__ACTIVITY__
Only one stretch of the data below is needed: the line with "Lot 10 alco" through the last line. Output it exactly and drop the pictures.

__DATA PROVIDED__
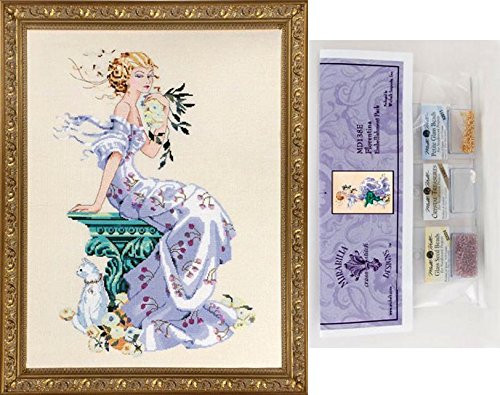 Cross Stitch Chart with Embellishment Pack ~ FLORENTINA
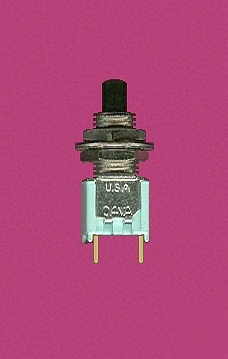 Lot 10 alco TPF11 submn pushbutton black switch spst no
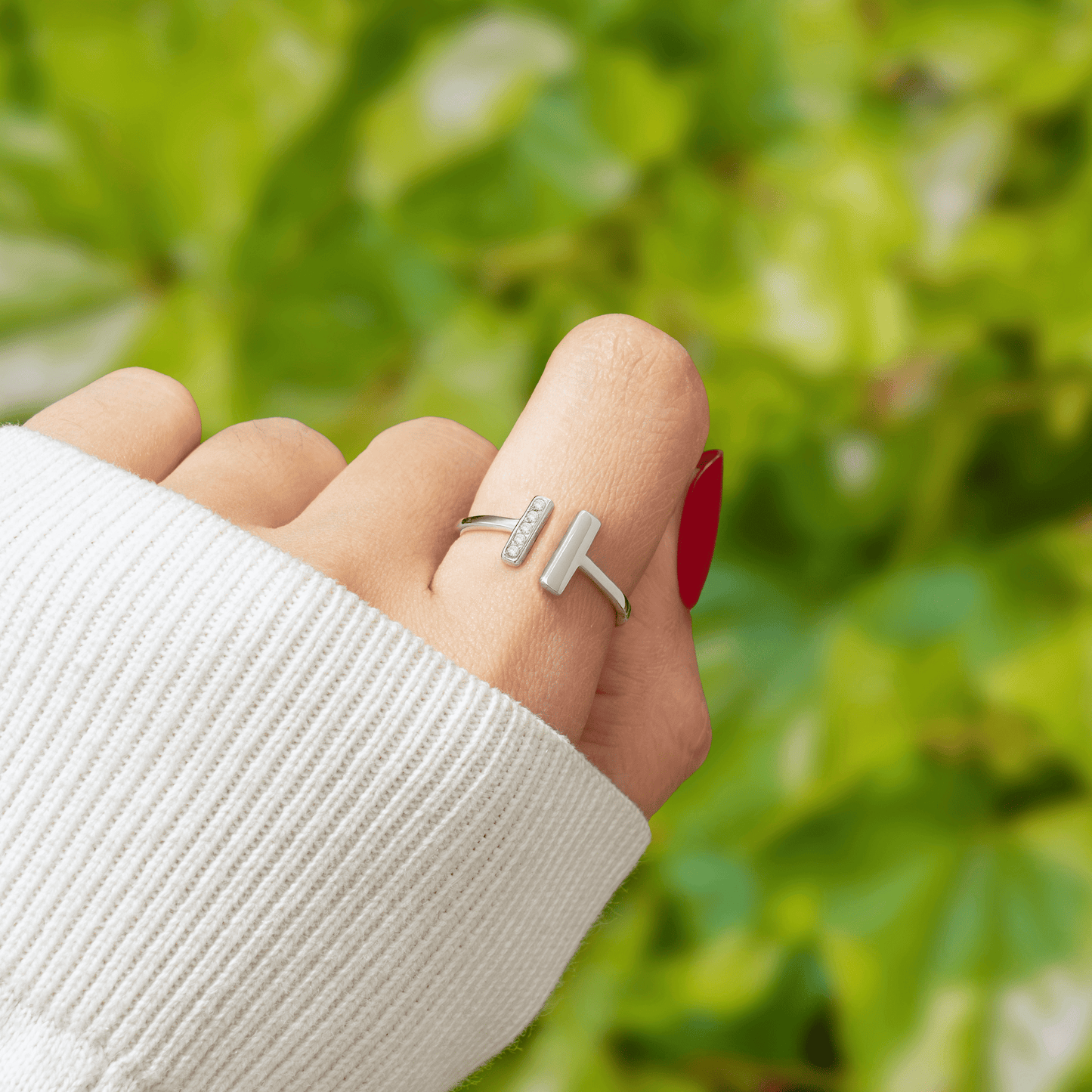 To My Granddaughter - Thick & Thin Ring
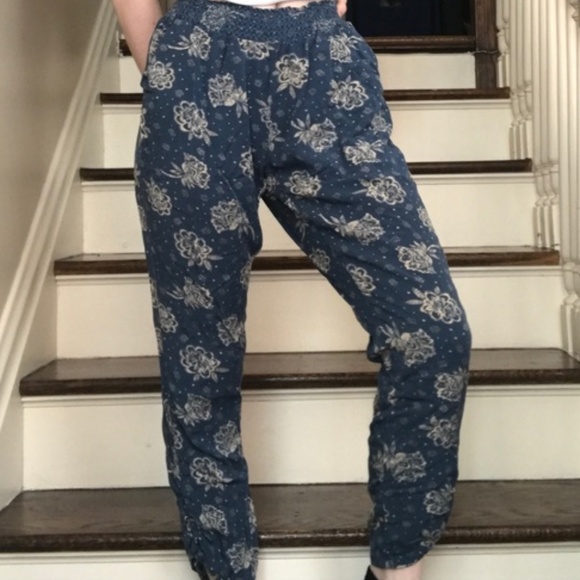 Bongo BOHO Floral Joggers Size Medium - Picture 1 of 6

__ANSWER SPACE__
 Lot 10 alco TPF11 submn pushbutton black switch spst no
 To My Granddaughter - Thick & Thin Ring
 Bongo BOHO Floral Joggers Size Medium - Picture 1 of 6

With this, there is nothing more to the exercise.